> [Source data]:
******************************
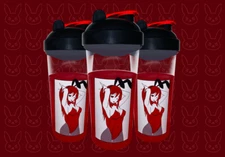 Weeb shaker Bunny girl Waifu cups Gamer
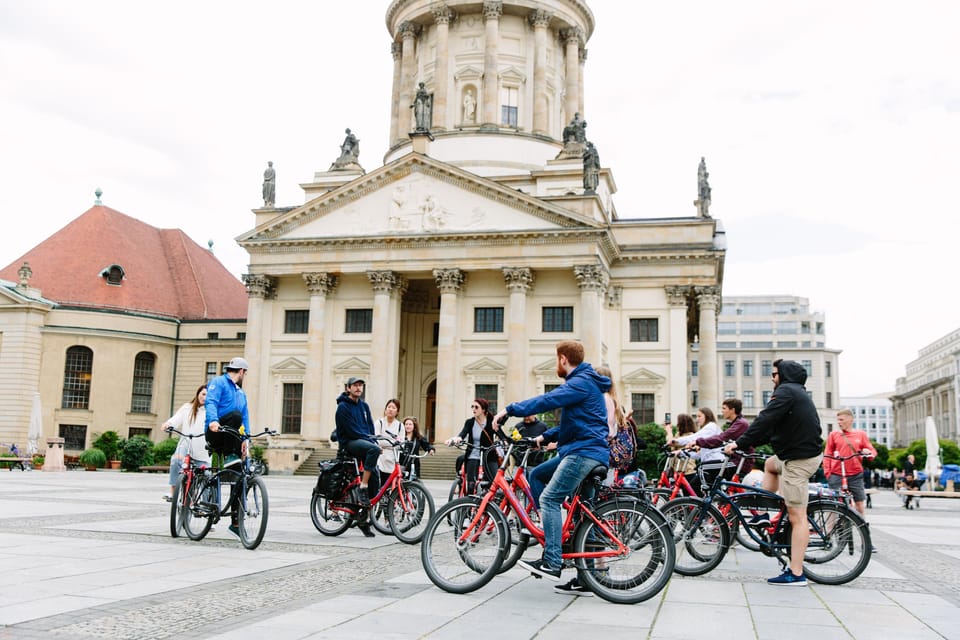Private Highlights of Berlin Bike Tour - Bebelplatz: Prussian Berlin at the Center of the Story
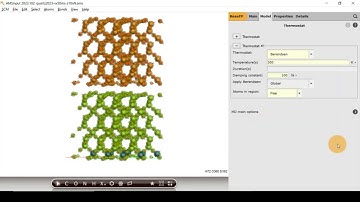Tribology with NEMD: Calculating Friction Using ReaxFF in AMS
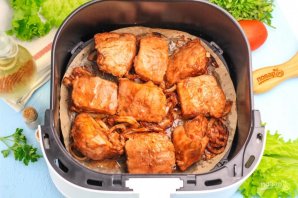 Мясо в аэрогриле - фото шаг 7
******************************
> [Assignment]: The whole listing is to be written out exactly; the pictures stay out of the copy.

> [Expected answer]:
 Weeb shaker Bunny girl Waifu cups Gamer
Private Highlights of Berlin Bike Tour - Bebelplatz: Prussian Berlin at the Center of the Story
Tribology with NEMD: Calculating Friction Using ReaxFF in AMS
 Мясо в аэрогриле - фото шаг 7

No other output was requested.